Studies To Begin To Determine If Heart Condition Drug Could Treat Alcoholism

A widely-used prescription drug could help stop the urge to drink that alcoholics feel around certain people and places

Alcoholics will be given a prescription drug currently used to treat anxiety and heart conditions in the hope that it will help them quit drinking for good.

 

Scientists at Cambridge University believe that propranolol may block some of the cravings that addicts have for alcohol, and will reportedly begin a world-first clinical trial later this year to test their theory.

 

The researchers apparently hope the drug may help prevent what they call ‘cue-drug memory’ – when recollections of certain people and places that are closely linked to alcohol create a subconscious impulse to drink.

 

The clinical trial follows studies on rats that showed the drug could erase a stimulus in the animal’s brains when they had a craving for a drink.

 

Propranolol is a beta-blocker that was originally used to treat heart and circulatory conditions, including tremors and high blood pressure, and is also in use to reduce the symptoms of anxiety such as a rapid heart rate or sweating.

 

It targets the beta-adrenergic receptors in the brain which help to create a strong emotional memory. Scientists believe the drug may work by stripping emotion from the memory.

 

Lead researchers Dr Amy Milton, from Cambridge’s Behavioural and Clinical Neuroscience Institute, told The Independent: ‘Traditionally, memory was viewed as similar to a book, which can be shelved but never changed once printed. We now think that memory is more like a word processing document – you can save it and then recall it, at which point you can adapt or even delete its contents.’

 

Dr Milton will be presenting the team’s initial findings at this week’s Cambridge Science Festival.

 

The clinical trial – funded by the Medical Research Council as part of a £2.7m five-year programme investigating the drug – is expected to recruit dozens of alcoholics later this year. If successful, it could revolutionise approaches to the treatment of chronic alcoholism.

 

The announcement comes after a separate small-scale study earlier this month suggested that propranolol may also have the unusual side-effect of combating subconscious racism.

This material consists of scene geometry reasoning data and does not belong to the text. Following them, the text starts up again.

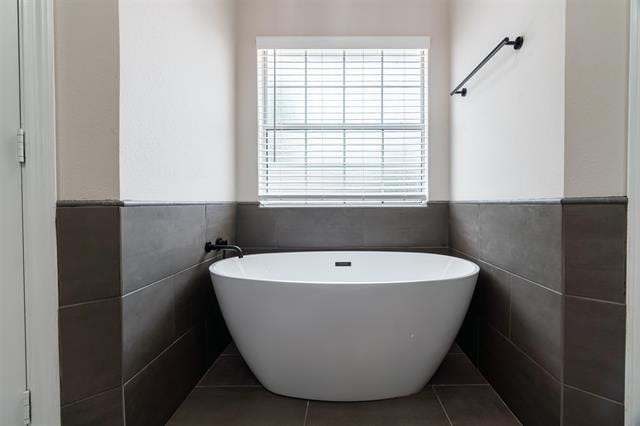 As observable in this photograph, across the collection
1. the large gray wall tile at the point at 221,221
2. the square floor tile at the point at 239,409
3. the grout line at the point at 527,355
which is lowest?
the square floor tile at the point at 239,409

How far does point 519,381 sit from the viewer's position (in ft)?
4.63

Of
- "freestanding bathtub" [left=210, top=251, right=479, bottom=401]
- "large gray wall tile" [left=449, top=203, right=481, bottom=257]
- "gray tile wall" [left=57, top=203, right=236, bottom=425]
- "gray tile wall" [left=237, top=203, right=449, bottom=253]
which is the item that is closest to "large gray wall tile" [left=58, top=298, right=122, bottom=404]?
"gray tile wall" [left=57, top=203, right=236, bottom=425]

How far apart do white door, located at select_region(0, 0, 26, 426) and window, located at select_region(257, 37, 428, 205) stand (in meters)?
1.44

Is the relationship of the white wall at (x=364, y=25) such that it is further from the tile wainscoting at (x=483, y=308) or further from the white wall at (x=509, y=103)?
the tile wainscoting at (x=483, y=308)

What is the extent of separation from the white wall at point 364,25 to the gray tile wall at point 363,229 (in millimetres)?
206

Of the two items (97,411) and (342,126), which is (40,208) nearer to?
(97,411)

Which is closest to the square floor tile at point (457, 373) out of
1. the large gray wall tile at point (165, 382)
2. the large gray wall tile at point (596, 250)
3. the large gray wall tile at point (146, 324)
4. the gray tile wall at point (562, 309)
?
the gray tile wall at point (562, 309)

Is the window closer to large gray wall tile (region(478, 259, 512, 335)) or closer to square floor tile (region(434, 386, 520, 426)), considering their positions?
large gray wall tile (region(478, 259, 512, 335))

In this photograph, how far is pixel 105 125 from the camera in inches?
43.3

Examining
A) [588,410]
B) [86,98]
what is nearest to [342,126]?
[86,98]

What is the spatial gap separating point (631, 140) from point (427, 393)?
1.28m

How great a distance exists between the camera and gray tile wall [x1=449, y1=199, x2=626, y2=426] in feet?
3.50

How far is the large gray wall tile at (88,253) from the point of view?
106 centimetres

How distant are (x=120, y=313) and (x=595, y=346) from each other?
4.99ft
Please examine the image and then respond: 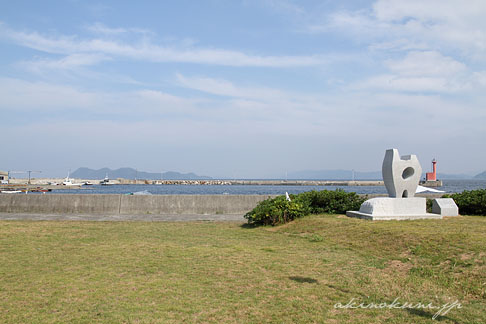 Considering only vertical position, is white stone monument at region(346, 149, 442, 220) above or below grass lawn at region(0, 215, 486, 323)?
A: above

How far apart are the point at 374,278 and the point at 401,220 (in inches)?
280

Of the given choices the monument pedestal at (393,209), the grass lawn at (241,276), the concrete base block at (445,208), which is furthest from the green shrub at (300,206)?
the concrete base block at (445,208)

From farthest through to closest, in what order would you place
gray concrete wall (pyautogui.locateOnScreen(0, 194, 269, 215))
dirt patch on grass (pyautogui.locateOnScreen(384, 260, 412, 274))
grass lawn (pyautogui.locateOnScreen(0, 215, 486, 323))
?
gray concrete wall (pyautogui.locateOnScreen(0, 194, 269, 215)), dirt patch on grass (pyautogui.locateOnScreen(384, 260, 412, 274)), grass lawn (pyautogui.locateOnScreen(0, 215, 486, 323))

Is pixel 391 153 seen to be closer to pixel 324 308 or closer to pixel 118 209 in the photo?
pixel 324 308

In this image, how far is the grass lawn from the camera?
17.2ft

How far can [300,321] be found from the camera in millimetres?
5008

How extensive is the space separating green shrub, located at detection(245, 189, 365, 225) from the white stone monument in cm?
100

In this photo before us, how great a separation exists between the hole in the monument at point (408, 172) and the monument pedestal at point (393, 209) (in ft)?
3.40

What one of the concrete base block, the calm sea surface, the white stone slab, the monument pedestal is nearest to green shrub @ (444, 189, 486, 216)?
the concrete base block

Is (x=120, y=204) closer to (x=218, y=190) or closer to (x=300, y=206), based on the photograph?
(x=300, y=206)

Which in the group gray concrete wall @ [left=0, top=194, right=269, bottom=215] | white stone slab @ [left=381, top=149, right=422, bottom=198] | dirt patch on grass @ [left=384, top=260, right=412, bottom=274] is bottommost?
dirt patch on grass @ [left=384, top=260, right=412, bottom=274]

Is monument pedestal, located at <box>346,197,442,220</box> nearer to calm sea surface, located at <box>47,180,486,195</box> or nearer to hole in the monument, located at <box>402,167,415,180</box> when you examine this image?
hole in the monument, located at <box>402,167,415,180</box>

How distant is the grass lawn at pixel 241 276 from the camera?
5254 millimetres

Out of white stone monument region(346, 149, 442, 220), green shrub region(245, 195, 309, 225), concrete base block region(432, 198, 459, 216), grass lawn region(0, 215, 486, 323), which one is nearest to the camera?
grass lawn region(0, 215, 486, 323) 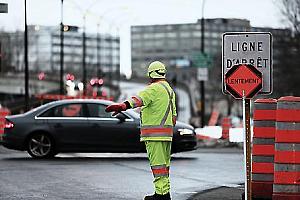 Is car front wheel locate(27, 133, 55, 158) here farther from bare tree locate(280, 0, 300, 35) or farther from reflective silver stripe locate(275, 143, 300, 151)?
bare tree locate(280, 0, 300, 35)

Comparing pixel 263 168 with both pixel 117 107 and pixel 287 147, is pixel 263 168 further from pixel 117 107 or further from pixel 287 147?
pixel 117 107

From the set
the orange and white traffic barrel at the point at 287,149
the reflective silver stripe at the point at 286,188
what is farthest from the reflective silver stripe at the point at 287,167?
the reflective silver stripe at the point at 286,188

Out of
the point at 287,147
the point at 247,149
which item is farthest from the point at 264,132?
the point at 247,149

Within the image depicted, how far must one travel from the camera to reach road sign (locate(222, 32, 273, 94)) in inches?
358

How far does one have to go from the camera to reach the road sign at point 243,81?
9.05 m

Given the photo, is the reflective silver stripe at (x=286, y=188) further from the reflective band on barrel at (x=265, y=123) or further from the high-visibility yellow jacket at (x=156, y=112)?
the high-visibility yellow jacket at (x=156, y=112)

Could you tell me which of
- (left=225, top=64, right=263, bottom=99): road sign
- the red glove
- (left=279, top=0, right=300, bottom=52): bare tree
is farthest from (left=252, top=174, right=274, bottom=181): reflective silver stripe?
(left=279, top=0, right=300, bottom=52): bare tree

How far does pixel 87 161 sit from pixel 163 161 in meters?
7.87

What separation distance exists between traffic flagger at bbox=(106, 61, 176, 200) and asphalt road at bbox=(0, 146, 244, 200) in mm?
1139

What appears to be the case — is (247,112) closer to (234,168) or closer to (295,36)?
(234,168)

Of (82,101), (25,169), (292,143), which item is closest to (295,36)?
(82,101)

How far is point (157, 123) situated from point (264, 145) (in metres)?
1.65

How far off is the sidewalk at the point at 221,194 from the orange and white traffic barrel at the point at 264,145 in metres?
0.52

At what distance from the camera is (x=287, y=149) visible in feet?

Volunteers given the drug scored lower on a standard psychological test of ‘implicit’ racist attitudes, compared to those given a placebo.

‘Implicit racial bias can occur even in people with a sincere belief in equality. Given the key role that such implicit attitudes appear to play in discrimination against other ethnic groups, and the widespread use of propranolol for medical purposes, our findings are also of considerable ethical interest,’ Experimental psychologist Dr Sylvia Terbeck, from Oxford University, said.